*** Task material ***

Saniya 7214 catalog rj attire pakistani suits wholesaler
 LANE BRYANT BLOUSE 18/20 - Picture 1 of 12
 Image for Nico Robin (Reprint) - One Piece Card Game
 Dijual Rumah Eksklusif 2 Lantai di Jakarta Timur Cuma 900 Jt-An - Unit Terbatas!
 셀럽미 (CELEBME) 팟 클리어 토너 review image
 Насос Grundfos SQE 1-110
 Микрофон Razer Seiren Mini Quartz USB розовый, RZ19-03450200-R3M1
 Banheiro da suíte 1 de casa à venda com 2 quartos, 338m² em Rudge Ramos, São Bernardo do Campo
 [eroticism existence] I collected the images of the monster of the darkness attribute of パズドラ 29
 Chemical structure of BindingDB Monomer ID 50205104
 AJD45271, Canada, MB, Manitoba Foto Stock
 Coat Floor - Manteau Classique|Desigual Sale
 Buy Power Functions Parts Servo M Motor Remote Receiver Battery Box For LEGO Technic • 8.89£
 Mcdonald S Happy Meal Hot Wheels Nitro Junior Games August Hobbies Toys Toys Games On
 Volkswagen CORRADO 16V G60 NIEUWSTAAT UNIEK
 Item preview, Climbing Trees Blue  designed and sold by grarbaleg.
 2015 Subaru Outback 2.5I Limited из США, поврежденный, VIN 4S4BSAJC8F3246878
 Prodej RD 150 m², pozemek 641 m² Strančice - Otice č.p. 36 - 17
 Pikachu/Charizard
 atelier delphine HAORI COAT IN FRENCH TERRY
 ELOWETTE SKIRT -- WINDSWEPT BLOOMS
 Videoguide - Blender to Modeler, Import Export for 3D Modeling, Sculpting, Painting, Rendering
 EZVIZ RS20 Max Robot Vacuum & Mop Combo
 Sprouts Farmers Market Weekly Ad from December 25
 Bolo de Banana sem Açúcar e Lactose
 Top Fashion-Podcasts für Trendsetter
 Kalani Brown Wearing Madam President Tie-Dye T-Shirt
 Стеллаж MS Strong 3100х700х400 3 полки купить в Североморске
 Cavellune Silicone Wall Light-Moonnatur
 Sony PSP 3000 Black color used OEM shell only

*** End of Task material ***

◆ Aim of the exercise
Transcribe, exactly and without additions, the lines of the records above, beginning with the line that contains "Dijual Rumah Eksklusif" and ending with the line that contains "[eroticism existence] I", both included.

◆ Exercise output
 Dijual Rumah Eksklusif 2 Lantai di Jakarta Timur Cuma 900 Jt-An - Unit Terbatas!
 셀럽미 (CELEBME) 팟 클리어 토너 review image
 Насос Grundfos SQE 1-110
 Микрофон Razer Seiren Mini Quartz USB розовый, RZ19-03450200-R3M1
 Banheiro da suíte 1 de casa à venda com 2 quartos, 338m² em Rudge Ramos, São Bernardo do Campo
 [eroticism existence] I collected the images of the monster of the darkness attribute of パズドラ 29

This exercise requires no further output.